*Problem*:
Output exactly the lines of the listing below that run from the line with "Kcimo 1Pc 12V‑24V" through the line with "e Erta Beyaz". No pictures.

◆ ◆ ◆ ◆ ◆

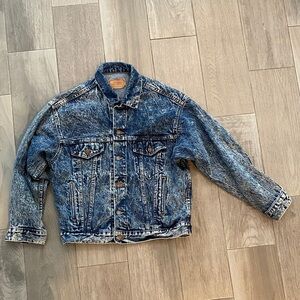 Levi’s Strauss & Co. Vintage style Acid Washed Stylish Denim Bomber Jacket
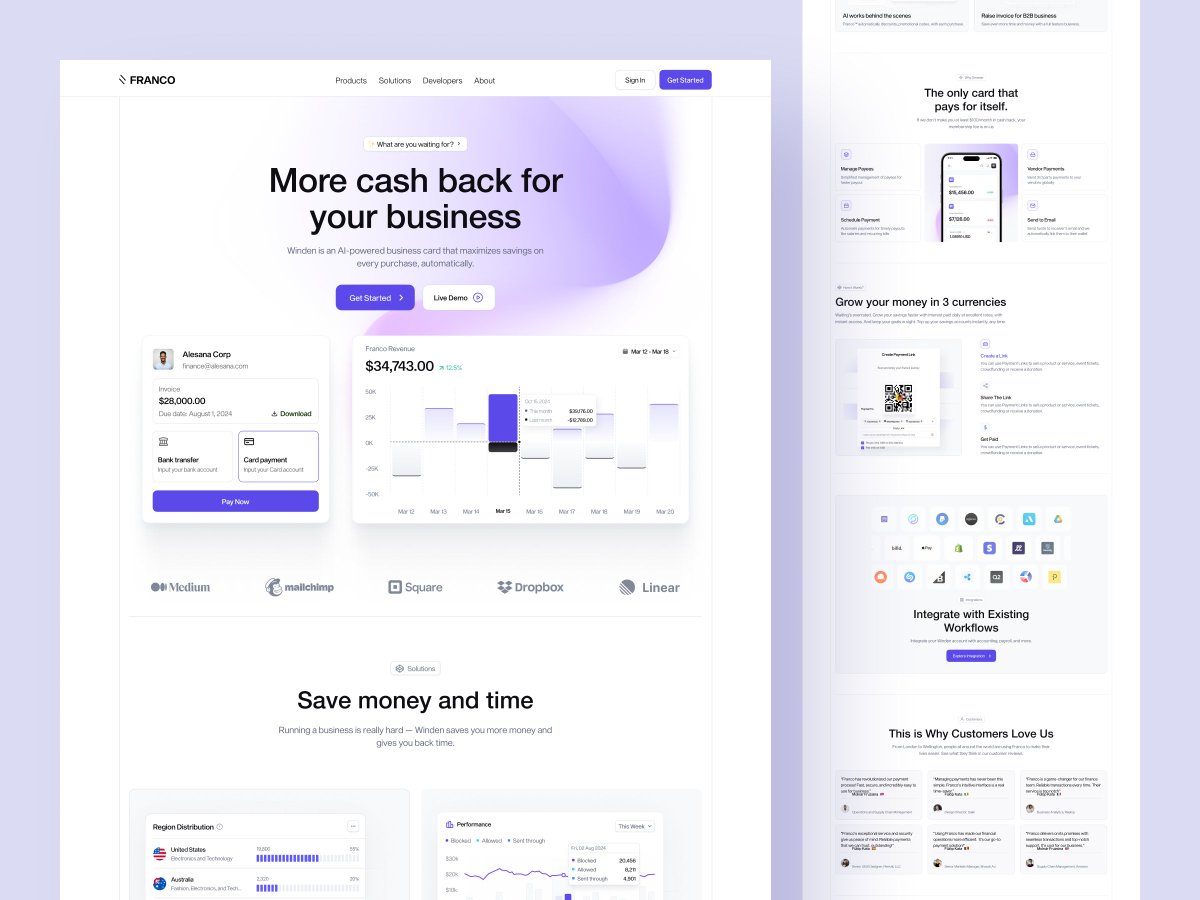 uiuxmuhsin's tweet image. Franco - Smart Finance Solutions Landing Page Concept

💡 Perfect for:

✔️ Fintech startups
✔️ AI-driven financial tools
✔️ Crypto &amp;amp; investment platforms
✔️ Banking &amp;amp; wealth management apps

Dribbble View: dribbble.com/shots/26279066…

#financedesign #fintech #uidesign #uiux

◆ ◆ ◆ ◆ ◆

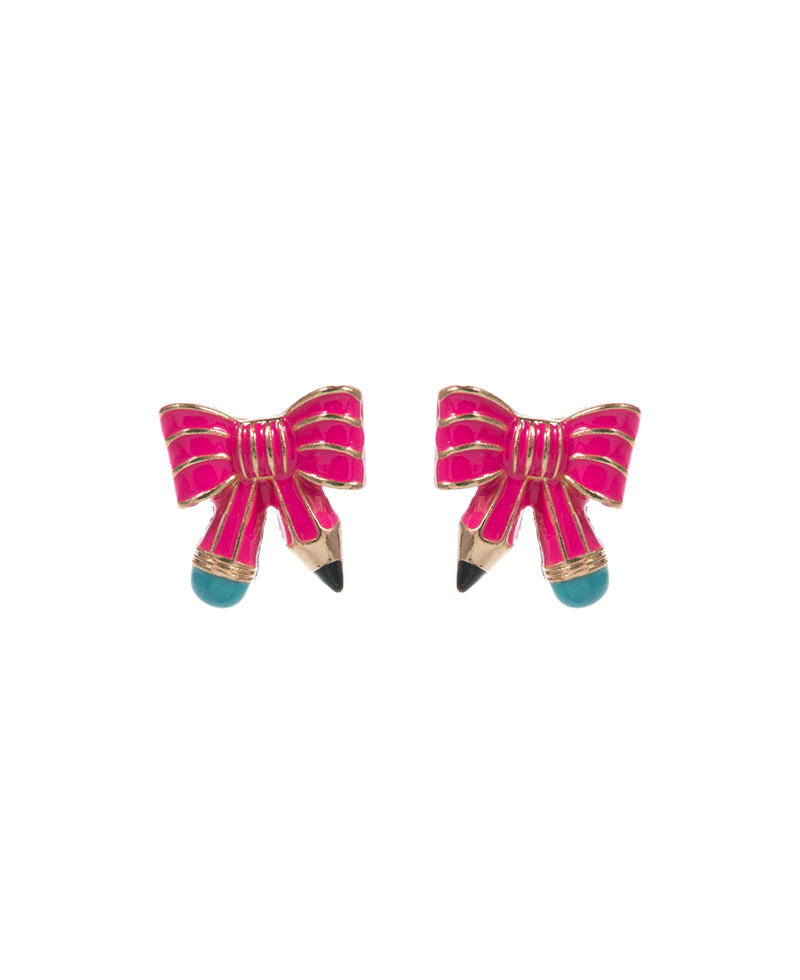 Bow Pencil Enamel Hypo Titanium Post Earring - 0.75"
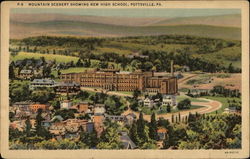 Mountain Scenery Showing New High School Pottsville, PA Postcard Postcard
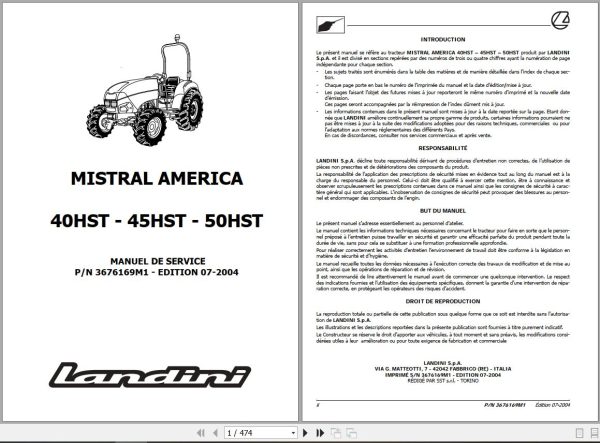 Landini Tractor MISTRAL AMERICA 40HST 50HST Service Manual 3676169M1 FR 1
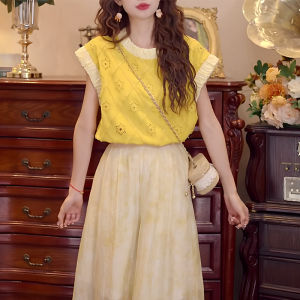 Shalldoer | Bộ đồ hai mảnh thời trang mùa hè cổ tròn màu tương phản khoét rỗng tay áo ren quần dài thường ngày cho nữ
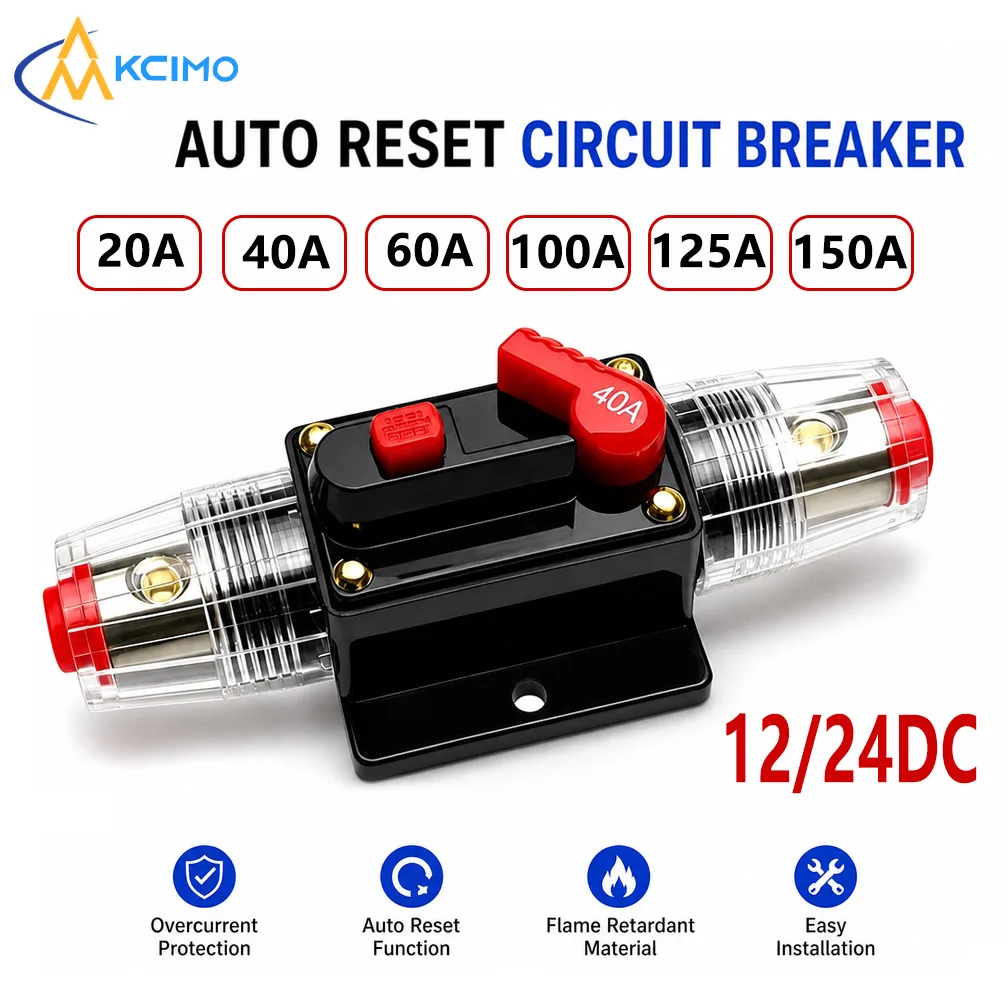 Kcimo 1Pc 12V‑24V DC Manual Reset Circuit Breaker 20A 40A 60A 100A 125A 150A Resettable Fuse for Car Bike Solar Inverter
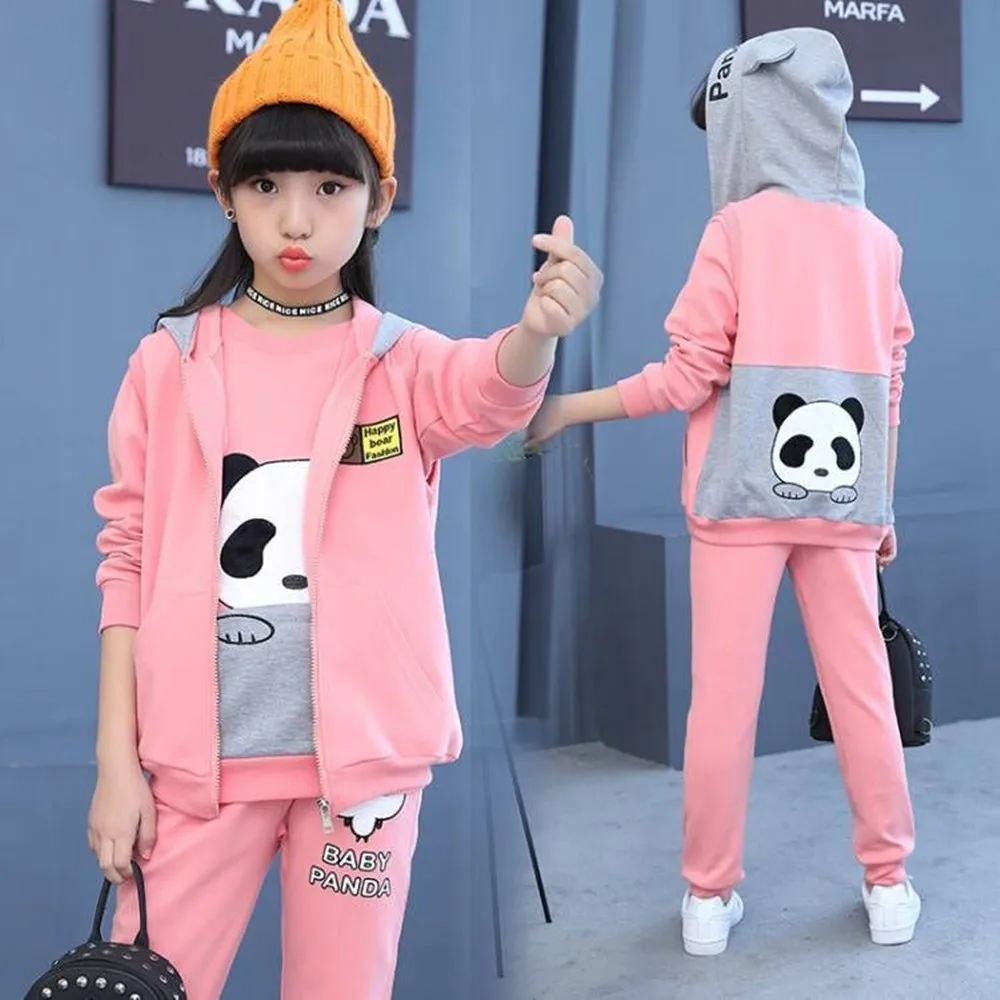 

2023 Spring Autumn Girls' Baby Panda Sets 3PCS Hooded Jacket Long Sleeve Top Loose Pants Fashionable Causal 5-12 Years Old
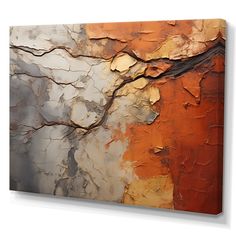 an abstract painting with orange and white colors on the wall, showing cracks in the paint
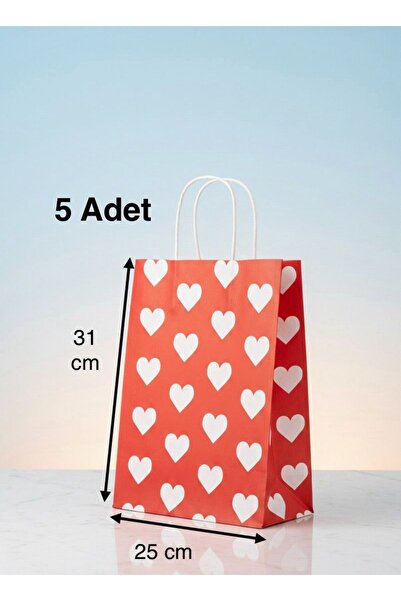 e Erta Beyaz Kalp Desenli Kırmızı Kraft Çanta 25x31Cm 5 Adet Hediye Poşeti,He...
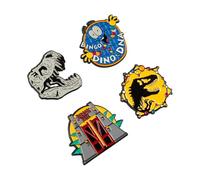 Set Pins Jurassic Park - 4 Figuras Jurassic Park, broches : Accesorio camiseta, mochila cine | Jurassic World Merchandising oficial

◆ ◆ ◆ ◆ ◆

*Answer*:
 Kcimo 1Pc 12V‑24V DC Manual Reset Circuit Breaker 20A 40A 60A 100A 125A 150A Resettable Fuse for Car Bike Solar Inverter

2023 Spring Autumn Girls' Baby Panda Sets 3PCS Hooded Jacket Long Sleeve Top Loose Pants Fashionable Causal 5-12 Years Old
 an abstract painting with orange and white colors on the wall, showing cracks in the paint
 e Erta Beyaz Kalp Desenli Kırmızı Kraft Çanta 25x31Cm 5 Adet Hediye Poşeti,He...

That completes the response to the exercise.